Francia ha sido sinónimo de amor, de liberación, de un erotismo que parecía envidiable, pero —por el mismo camino— se coló la tolerancia hacia lo intolerable. Y el mismo atavismo de siempre. La sumisión y obediencia a los deseos del hombre que se ocultaba tras ello quedó al descubierto en el caso de Jean Genet, que abusó y destrozó a la hija de Monique Lange mientras esta lo celebraba; de Gabriel Matzneff, pederasta confeso y orgulloso de ello; y de tantos casos revelados por los libros de Vanessa Springora, Delphine de Vigan, Camille Kouchner o la película de Mona Achache.
Y en esto llegó Gisèle Pelicot. Su caso vuelve a iluminar los agujeros oscuros que alberga esa sociedad que creíamos avanzada. Y no espanta tanto la violación de un hombre a su mujer forzada a dormir ―que también― como la oferta a desconocidos que realizó de su cuerpo y, sobre todo, que decenas de ellos acudieran a la llamada de la selva desde pueblos cercanos. Esto no ocurrió en Vietnam, Tailandia, Oaxaca o las tenebrosas mazmorras sirias, sino en la pacífica Francia rural, esa que admiramos por sus parterres, sus premios florales y sus ayudas a la actividad cultural.
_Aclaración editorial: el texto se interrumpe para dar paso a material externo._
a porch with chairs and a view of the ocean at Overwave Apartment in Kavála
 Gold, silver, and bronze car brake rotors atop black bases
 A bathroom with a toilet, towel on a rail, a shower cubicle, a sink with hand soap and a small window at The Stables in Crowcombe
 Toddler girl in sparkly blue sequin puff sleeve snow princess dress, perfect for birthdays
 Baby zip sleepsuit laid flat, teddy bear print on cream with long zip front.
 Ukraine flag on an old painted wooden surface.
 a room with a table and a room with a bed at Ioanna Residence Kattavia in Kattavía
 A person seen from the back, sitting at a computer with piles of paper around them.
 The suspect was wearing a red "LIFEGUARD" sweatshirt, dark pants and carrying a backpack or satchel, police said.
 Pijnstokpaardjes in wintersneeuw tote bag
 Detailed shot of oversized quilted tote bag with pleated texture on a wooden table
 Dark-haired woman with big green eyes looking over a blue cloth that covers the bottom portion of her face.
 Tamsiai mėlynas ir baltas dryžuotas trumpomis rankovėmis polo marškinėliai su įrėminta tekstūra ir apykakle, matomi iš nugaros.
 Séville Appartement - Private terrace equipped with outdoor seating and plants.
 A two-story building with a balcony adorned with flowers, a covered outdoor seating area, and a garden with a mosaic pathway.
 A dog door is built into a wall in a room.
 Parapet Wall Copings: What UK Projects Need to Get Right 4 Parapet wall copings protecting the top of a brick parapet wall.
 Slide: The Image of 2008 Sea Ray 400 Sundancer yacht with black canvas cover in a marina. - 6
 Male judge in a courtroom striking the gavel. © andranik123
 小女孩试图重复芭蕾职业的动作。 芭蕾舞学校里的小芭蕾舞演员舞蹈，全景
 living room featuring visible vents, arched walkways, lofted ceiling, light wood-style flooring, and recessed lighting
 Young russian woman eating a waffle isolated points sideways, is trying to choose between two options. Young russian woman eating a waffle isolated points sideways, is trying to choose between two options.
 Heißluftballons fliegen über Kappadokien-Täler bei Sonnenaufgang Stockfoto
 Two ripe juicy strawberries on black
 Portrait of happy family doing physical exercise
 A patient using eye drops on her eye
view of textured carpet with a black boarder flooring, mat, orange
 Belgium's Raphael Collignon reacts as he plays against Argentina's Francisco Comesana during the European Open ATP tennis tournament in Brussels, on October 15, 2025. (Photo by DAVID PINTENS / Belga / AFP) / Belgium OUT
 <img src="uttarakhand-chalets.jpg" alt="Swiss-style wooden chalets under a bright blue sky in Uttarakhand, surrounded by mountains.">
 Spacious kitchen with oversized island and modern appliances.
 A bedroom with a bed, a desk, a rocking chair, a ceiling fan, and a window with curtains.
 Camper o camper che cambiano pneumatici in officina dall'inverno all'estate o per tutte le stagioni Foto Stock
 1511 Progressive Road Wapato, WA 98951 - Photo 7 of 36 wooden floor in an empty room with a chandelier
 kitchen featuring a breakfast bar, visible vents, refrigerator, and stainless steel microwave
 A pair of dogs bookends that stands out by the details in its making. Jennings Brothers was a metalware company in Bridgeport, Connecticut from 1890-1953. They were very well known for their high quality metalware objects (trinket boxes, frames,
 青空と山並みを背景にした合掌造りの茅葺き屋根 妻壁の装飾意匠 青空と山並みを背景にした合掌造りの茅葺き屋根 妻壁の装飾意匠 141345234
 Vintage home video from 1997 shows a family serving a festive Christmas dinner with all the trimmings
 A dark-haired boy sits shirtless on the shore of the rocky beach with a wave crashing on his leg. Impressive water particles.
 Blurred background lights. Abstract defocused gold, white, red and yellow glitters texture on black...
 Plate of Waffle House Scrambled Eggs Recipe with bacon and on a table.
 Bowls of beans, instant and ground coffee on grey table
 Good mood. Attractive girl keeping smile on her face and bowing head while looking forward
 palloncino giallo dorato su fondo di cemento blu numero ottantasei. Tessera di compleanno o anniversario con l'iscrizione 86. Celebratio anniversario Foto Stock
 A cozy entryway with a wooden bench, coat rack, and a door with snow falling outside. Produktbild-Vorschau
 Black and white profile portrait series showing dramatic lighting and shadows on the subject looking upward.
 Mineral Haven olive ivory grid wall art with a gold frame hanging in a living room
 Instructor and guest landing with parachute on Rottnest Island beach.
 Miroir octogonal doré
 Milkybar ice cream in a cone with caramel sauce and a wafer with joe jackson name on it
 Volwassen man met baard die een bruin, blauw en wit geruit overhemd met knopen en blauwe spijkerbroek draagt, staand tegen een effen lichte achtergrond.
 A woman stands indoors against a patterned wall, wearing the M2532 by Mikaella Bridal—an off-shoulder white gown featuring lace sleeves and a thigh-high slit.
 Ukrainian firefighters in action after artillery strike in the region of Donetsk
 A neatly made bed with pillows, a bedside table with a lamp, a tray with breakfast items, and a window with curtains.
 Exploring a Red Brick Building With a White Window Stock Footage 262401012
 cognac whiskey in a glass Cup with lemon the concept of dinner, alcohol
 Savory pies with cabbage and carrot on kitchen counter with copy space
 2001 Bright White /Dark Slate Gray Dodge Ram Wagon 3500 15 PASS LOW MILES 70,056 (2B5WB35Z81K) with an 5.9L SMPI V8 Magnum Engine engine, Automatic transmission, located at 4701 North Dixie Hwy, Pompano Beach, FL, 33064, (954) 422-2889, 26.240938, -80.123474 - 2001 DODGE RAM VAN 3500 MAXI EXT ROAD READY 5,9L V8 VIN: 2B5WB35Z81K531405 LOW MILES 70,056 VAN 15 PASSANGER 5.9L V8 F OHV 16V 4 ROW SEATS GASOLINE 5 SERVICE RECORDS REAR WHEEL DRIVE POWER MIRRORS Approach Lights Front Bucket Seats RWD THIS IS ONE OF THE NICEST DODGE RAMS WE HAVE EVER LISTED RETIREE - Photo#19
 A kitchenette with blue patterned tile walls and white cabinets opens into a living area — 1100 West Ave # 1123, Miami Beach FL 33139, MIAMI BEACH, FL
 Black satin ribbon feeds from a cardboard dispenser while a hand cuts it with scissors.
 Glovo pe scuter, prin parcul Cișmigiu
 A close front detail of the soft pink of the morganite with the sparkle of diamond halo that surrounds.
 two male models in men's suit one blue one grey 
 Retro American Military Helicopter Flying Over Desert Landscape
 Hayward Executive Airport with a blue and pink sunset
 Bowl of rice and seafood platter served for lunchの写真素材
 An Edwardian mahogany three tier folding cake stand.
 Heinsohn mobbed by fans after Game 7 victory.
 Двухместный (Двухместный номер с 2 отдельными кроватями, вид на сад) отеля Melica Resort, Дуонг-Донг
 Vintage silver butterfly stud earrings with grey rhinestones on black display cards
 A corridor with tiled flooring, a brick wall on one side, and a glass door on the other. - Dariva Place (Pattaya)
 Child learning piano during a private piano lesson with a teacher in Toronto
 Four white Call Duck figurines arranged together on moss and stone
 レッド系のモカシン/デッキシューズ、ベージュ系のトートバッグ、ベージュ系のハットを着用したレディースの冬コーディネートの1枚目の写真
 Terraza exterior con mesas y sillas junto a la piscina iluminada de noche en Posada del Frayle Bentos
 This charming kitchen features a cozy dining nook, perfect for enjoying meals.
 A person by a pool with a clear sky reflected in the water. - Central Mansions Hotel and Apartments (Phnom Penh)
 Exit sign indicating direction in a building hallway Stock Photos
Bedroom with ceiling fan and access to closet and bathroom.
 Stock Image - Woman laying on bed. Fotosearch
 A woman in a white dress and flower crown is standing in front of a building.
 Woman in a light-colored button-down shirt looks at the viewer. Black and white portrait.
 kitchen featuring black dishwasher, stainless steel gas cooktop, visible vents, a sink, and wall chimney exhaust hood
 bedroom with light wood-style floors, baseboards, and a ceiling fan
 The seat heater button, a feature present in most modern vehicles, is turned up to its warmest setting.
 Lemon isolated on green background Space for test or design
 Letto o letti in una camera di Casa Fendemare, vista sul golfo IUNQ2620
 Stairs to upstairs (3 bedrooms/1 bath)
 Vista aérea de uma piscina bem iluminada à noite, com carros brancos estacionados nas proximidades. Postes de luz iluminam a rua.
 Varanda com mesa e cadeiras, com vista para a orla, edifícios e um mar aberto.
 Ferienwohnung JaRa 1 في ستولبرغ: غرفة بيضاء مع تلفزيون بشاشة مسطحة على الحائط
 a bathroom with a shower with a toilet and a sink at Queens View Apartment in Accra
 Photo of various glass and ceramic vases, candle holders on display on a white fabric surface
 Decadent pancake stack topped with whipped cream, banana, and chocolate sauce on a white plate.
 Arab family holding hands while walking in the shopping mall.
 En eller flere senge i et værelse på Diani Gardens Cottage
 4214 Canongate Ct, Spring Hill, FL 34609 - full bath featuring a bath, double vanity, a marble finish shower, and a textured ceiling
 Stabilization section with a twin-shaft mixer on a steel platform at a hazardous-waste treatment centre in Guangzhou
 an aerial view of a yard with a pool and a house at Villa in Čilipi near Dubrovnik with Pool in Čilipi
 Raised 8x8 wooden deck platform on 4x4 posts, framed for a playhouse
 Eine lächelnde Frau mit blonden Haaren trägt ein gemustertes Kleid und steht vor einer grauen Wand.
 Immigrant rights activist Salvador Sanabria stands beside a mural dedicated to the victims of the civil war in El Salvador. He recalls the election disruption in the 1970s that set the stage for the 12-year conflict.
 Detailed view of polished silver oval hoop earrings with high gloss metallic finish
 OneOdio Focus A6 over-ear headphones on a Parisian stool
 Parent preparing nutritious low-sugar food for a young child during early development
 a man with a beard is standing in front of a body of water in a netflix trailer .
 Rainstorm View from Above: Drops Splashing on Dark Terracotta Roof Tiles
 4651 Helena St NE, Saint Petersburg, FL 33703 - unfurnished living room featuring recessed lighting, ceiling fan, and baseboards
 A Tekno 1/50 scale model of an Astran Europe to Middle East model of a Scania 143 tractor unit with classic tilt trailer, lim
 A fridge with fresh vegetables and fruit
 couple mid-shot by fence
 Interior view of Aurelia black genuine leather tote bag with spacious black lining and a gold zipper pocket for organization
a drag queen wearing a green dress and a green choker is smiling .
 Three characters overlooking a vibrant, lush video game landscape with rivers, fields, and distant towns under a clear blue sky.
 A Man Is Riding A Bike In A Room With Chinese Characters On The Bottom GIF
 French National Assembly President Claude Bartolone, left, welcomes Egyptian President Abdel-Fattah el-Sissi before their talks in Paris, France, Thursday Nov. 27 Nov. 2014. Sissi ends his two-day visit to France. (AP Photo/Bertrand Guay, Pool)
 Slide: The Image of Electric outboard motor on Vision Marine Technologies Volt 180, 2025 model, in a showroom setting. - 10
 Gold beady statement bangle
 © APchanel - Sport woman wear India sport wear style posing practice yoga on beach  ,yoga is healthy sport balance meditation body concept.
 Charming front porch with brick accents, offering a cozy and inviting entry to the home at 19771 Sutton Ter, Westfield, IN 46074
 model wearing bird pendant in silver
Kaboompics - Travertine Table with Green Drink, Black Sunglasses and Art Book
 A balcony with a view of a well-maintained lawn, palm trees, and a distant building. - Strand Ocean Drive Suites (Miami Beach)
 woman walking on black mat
No sacaremos pecho desde el país de La Manada, donde crecen las violaciones de niños a niñas, y la infancia no está precisamente viendo Heidi en el móvil, pero Francia tiene un problema. Todos lo tenemos y las monstruosidades no son patrimonio de nadie, pero la cultura de la aceptación del sexo sin consentimiento ha estado instalada allí con demasiada fuerza. Como en el caso de El último tango..., ojalá no tardemos varias décadas en darnos cuenta.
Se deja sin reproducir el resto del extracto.